# cost of sky tv



## villa 1 (10 Jul 2009)

Is it true that the sky tv packages are far cheaper in the uk than here. If so, can anybody tell me why?


----------



## mathepac (10 Jul 2009)

Yes for all their packages and its because Sky don't care about their Irish customers other than as a source of revenue.


----------



## pudds (10 Jul 2009)

mathepac said:


> Yes for all their packages and its because Sky don't care about their Irish customers other than as a source of revenue.




ditto with upc, but you have to subscribe just to see for yourself how bad their aftersales support really is.


----------



## villa 1 (10 Jul 2009)

Therefore we should ask ourselves why are we paying a higher premium? Do the irish paying public know that they are getting ripped off.....again. Sky tv won't be telling us!!


----------



## AlbacoreA (11 Jul 2009)

Freesat and DTT is Free.


----------



## seantheman (12 Jul 2009)

villa 1 said:


> Therefore we should ask ourselves why are we paying a higher premium? Do the irish paying public know that they are getting ripped off.....again. Sky tv won't be telling us!!


 can we take it from your strength of feeling that you have sent a strongly worded message of protest to rupert murdoch and/or cancelled your subscription


----------



## mathepac (12 Jul 2009)

and so say all of us.


----------



## Locke (20 Aug 2009)

Mine works out at €11 more than UK. Paying €70 for £46 across the sea.


----------



## samanthajane (20 Aug 2009)

I was in the uk last year, for my standard sky it was £16. Then I added 2 packages for a pound each. So my sky was £18. I then had my broadband and sky talk with them. Because i got sky talk for £5 a month my broadband was free. 

So in totally it cost me £23. 

Sky talk for £5 a month let me call any landline number in the UK, Ireland, Canada ( there were others as well, cant remember what as i didn't need to call those countries ) you just had to hang up before the hour and call back again. 

Now the fun part....... for my sky in Ireland it costs €50. The only difference is in Ireland I now have the sports package ( not sure how much extra this would of cost in UK ) 

I do have unlimited calls to irish and uk landlines, and with my broadband as well i'm paying €55 a month. 

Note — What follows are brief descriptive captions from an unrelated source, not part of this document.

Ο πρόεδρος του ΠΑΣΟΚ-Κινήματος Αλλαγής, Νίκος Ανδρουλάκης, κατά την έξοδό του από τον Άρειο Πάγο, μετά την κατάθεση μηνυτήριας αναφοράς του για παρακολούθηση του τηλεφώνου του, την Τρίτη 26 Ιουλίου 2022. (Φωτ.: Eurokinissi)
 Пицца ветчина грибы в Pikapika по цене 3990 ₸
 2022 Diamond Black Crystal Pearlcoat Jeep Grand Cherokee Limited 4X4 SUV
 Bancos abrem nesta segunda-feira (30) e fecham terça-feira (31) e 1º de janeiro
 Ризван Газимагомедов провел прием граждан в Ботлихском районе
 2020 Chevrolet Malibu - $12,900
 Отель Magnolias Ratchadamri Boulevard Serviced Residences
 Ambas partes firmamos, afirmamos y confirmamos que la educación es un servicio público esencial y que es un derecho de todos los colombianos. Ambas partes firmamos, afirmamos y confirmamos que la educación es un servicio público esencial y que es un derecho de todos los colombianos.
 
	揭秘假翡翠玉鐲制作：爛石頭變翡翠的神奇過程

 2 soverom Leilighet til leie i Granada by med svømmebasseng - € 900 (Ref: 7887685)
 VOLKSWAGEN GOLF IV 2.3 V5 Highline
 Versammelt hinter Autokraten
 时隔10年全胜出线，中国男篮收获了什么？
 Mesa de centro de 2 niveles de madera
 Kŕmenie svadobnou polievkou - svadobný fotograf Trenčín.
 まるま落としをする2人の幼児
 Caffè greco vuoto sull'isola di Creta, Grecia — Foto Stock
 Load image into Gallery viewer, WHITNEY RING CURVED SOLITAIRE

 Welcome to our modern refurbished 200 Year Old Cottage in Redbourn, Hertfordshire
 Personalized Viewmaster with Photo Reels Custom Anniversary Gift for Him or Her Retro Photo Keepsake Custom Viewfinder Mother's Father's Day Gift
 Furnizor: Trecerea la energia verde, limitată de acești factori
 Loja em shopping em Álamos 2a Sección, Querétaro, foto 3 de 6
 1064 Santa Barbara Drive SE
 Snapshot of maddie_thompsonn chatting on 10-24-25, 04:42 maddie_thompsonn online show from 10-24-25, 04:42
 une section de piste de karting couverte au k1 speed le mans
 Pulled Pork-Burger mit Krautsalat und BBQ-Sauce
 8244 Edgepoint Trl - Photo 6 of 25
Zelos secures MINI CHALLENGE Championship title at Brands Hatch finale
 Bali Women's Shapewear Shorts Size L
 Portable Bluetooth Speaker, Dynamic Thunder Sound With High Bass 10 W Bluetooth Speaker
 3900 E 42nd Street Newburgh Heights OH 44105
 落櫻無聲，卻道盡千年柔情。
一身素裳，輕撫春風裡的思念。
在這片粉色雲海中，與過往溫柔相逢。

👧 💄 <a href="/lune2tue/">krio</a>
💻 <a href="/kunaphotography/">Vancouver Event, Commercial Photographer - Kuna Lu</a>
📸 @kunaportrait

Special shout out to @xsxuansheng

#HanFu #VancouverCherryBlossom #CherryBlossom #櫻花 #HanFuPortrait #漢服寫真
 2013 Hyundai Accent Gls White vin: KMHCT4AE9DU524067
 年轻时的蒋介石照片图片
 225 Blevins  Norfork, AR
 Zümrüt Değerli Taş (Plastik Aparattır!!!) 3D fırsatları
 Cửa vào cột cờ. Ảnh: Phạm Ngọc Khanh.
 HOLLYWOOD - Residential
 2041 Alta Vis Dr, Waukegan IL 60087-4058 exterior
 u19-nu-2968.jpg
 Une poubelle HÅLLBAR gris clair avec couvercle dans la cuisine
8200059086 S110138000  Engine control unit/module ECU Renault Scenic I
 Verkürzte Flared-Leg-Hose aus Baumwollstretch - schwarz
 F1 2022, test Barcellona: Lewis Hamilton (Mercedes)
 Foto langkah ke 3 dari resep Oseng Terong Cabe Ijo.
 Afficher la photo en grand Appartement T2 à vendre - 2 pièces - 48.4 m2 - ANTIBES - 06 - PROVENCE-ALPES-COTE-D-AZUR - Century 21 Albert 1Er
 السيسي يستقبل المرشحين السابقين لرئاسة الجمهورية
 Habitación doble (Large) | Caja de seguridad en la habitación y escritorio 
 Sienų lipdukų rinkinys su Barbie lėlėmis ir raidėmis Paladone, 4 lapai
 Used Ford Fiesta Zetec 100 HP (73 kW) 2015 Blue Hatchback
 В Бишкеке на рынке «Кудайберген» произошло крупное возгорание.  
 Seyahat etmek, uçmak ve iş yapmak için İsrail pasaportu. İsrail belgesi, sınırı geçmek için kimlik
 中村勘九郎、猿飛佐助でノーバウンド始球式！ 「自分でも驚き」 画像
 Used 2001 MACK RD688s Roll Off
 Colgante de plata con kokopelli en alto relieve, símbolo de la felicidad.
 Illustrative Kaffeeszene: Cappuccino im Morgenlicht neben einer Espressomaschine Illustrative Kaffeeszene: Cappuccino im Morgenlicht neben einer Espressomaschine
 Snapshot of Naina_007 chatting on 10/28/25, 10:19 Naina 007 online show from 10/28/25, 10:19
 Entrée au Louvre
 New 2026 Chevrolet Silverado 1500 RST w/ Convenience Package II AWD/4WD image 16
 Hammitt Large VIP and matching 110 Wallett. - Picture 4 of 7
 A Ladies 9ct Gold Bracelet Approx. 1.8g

So thats €105 i'm paying a month compared to £23 that i was paying for the exact same in the UK.


----------



## matilda (1 Sep 2009)

... been a customer of sky for ten years and as our set top box died, decided to upgrade to sky+. Horrified to discover as an existing loyal customer I will be charged three times the amount for sky+ that a new customer would. Needless to say, not a customer anymore. Now to find an alternative.


----------



## oopsbuddy (1 Sep 2009)

matilda said:


> ... been a customer of sky for ten years and as our set top box died, decided to upgrade to sky+. Horrified to discover as an existing loyal customer I will be charged three times the amount for sky+ that a new customer would. Needless to say, not a customer anymore. Now to find an alternative.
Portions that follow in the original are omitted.